Para Girão, a aliança representa uma contradição dentro da direita e reproduz práticas da chamada “velha política”.
Em entrevista ao Poder360, nesta terça-feira (25), Girão afirmou que o apoio a Ciro contraria os princípios que o PL diz defender.
O senador também classificou a composição como um “conchavo” político e disse que o partido abandonou uma posição coerente com a direita ao apoiar Ciro.
“Quem é de direita não abre mão de seus princípios e valores. Então, é possível considerar que apoiar Ciro Gomes é uma incoerência do PL? É completa, total. E o tempo é o senhor da razão e vai mostrar isso”, disse Girão.
A aliança entre o PL e Ciro também é alvo de críticas da ex-primeira-dama Michelle Bolsonaro, que defendeu a candidatura de Girão ao governo do Ceará.
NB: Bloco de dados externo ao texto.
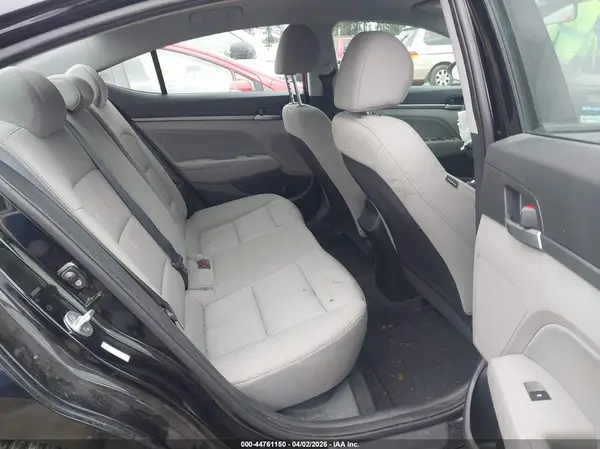KMHD84LF6JU467186 2018 HYUNDAI ELANTRA - Image 8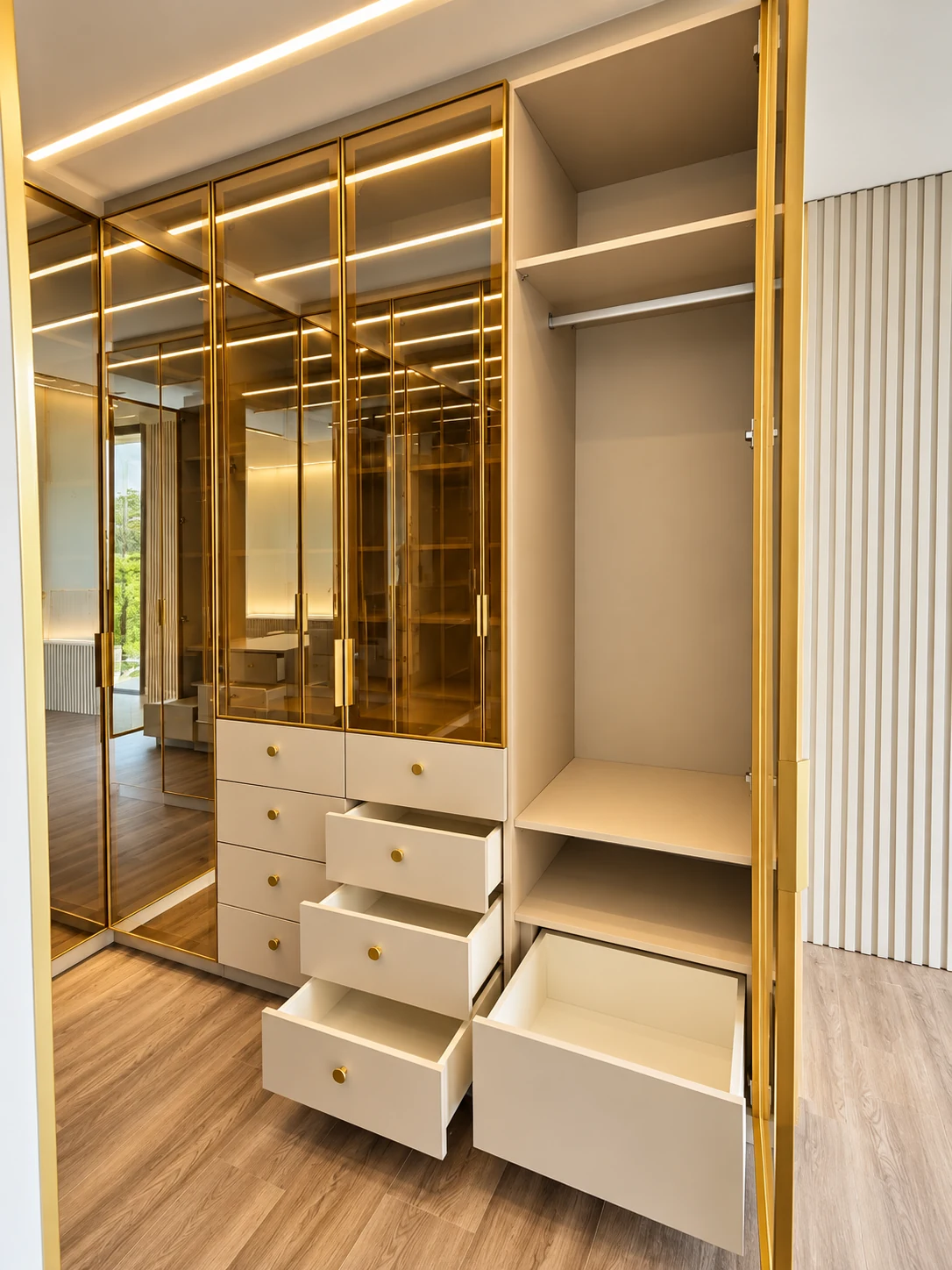 Residência em Santa Maria — Closet com gavetas e cabideiro — imagem tratada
O diretório estadual do PL, comandado pelo deputado federal André Fernandes, decidiu apoiar Ciro no primeiro turno.
Girão se aproxima de Michelle nas críticas ao PL
Girão elogiou Michelle Bolsonaro e destacou a posição dela contra a aliança com Ciro.
As divergências em torno da aliança contribuíram para um conflito entre Michelle e o senador Flávio Bolsonaro (PL-RJ), candidato à Presidência.
Em junho, Michelle afirmou que havia sido desrespeitada e maltratada pelo enteado durante uma conversa sobre as articulações no Ceará. Flávio negou a intenção de ofendê-la e pediu desculpas.
Em julho, Girão afirmou que Ciro representa a “esquerda raiz” e disse que setores da direita que apoiam o tucano poderiam fortalecer um eventual projeto presidencial dele para 2030.
Na ocasião, Girão classificou Ciro como uma “cobra” que poderia “picar” a direita no futuro.
A crise ganhou novo capítulo depois que Ciro afirmou que poderia votar em Ronaldo Caiado (PSD) ou Renan Santos (Missão) para presidente, mas não mencionou Flávio Bolsonaro.
A declaração levou Michelle a voltar a criticar a aliança entre o PL cearense e o tucano.